TASK BRIEF -> From the line holding "is ridiculous the" through the line holding "- 1936) Framed" below, write out every line exactly; include both of those lines and drop the pictures.

DATA FOR THIS EXERCISE ->
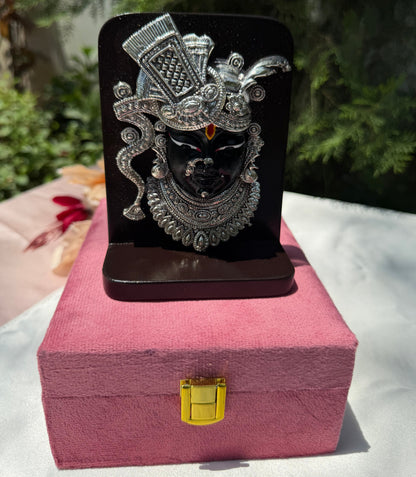 Silver Black Shreenathji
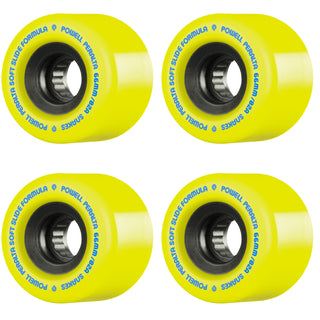 Powell Peralta Skateboard Wheels 66mm Snakes Yellow 82A Soft Slide Formula SSF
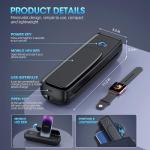 Inkless Portable Printer Wireless for Travel, Thermal Paper Support A4&A5, 8.5" X 11" US Letter &Legal, Compatible with iOS, Android&Laptop, Bluetooth & USB, Lightweight Wireless Printer for Home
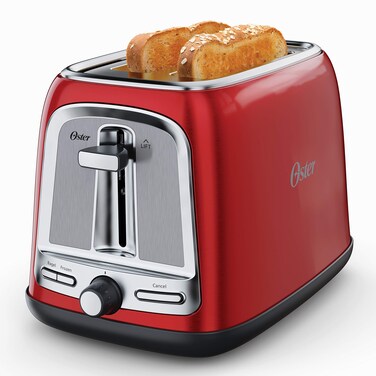 Oster 2Slice Toaster with Advanced Toast Technology Candy Apple Red
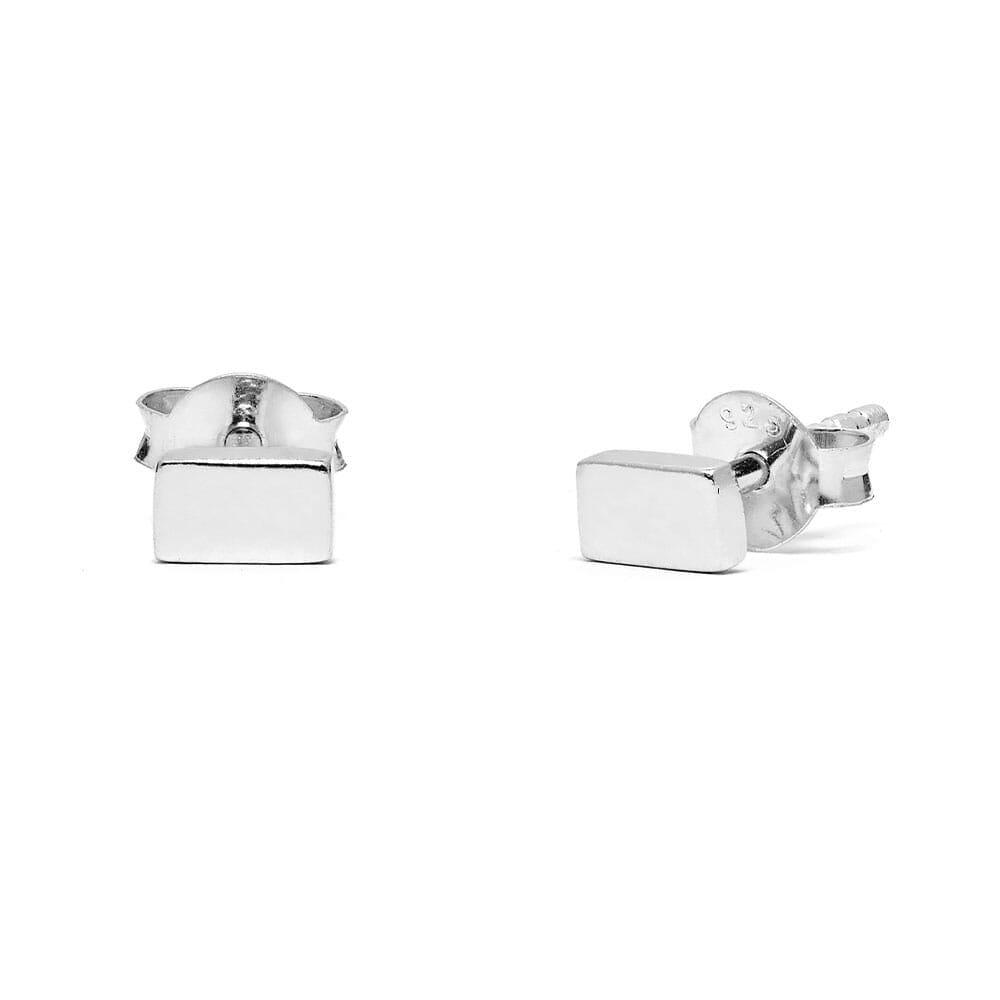 NU & MII Chelsea Stud Silver Earrings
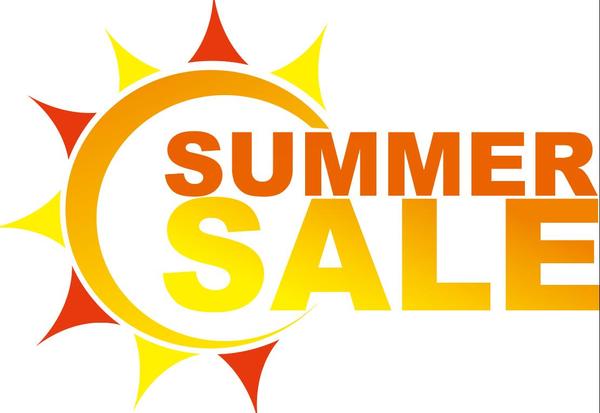 Summer sale logo design vector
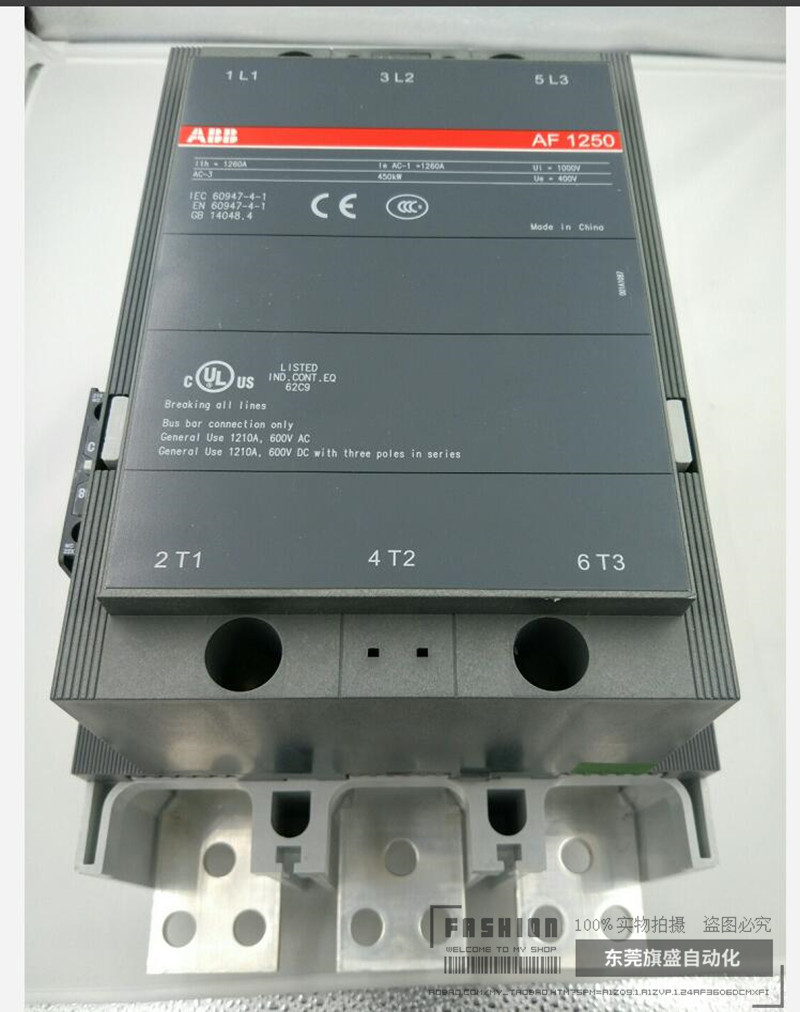 ABB低压接触器AF750-30-11触点1开1闭厂家直发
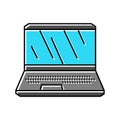 laptop gaming color icon vector illustration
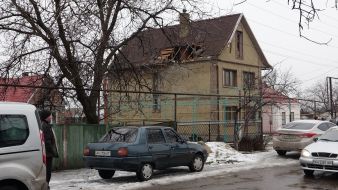 Последствия обстрела поселка Сартана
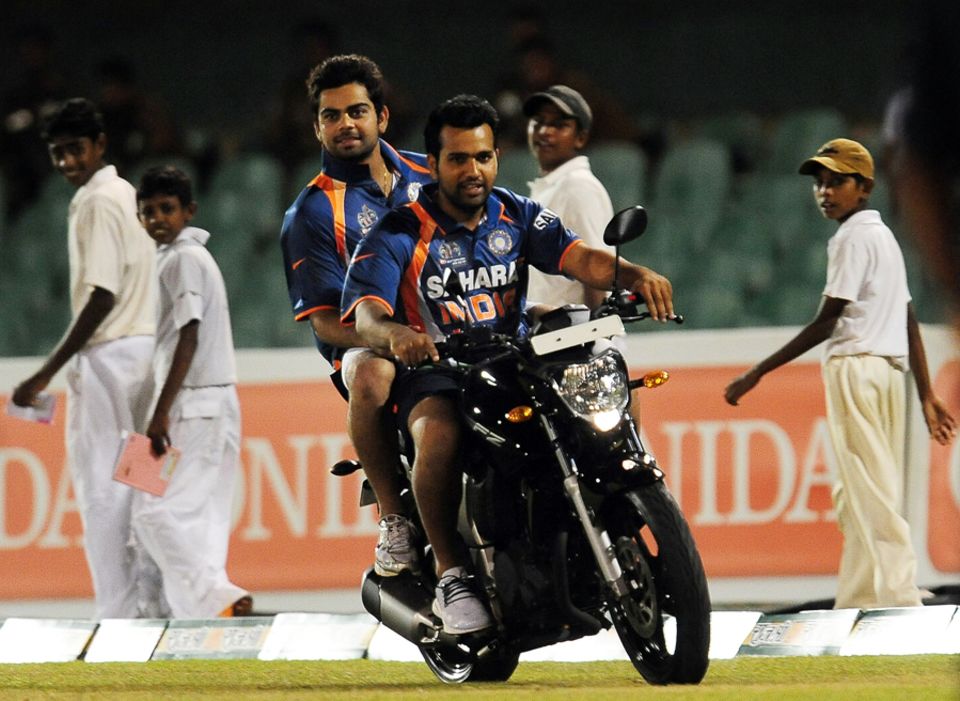 On Rohit Sharma: "It is ridiculous the kind of hitting he does after getting 50"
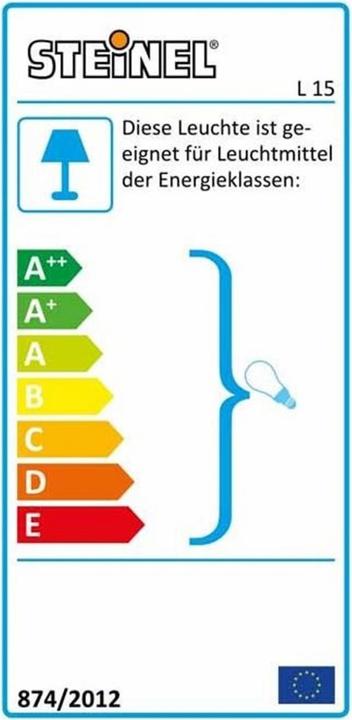 Energy Label Steinel L 15 (60 lm, E27, IP44)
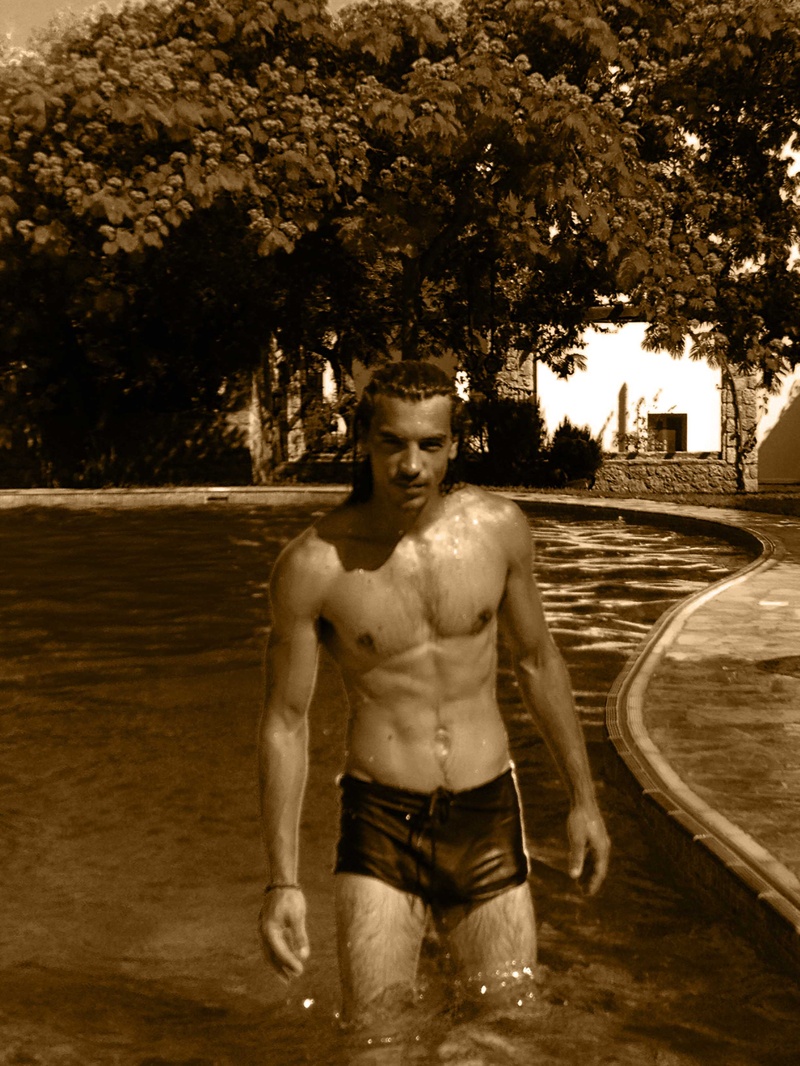 Male model photo shoot of JonathanDFakinos in Spetses, Greece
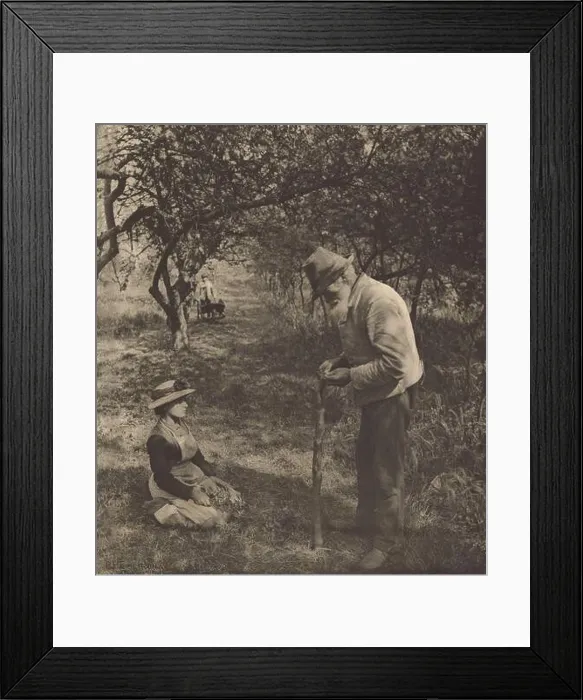 Framed Print : The Grafter. Peter Henry Emerson (British, born Cuba, 1856 - 1936) Framed Print : The Grafter. Peter Henry Emerson (British, born Cuba, 1856 - 1936)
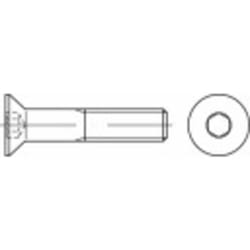 Toolcraft - 401642 Viti svasate M4 30 mm Interno Esagonale din 7991 Acciaio inox 100 pz.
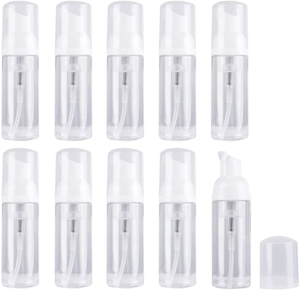 Botella de Espuma Limpiadora de Lujo Mini PET de 1oz 50ml 100ml, Botella con Bomba de Espuma Cosmética, Botella de Champú para Lavado de Manos y Limpiador Facial - Product Image 6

WRITTEN ANSWER ->
 On Rohit Sharma: "It is ridiculous the kind of hitting he does after getting 50"
 Energy Label Steinel L 15 (60 lm, E27, IP44)
 Male model photo shoot of JonathanDFakinos in Spetses, Greece
 Framed Print : The Grafter. Peter Henry Emerson (British, born Cuba, 1856 - 1936) Framed Print : The Grafter. Peter Henry Emerson (British, born Cuba, 1856 - 1936)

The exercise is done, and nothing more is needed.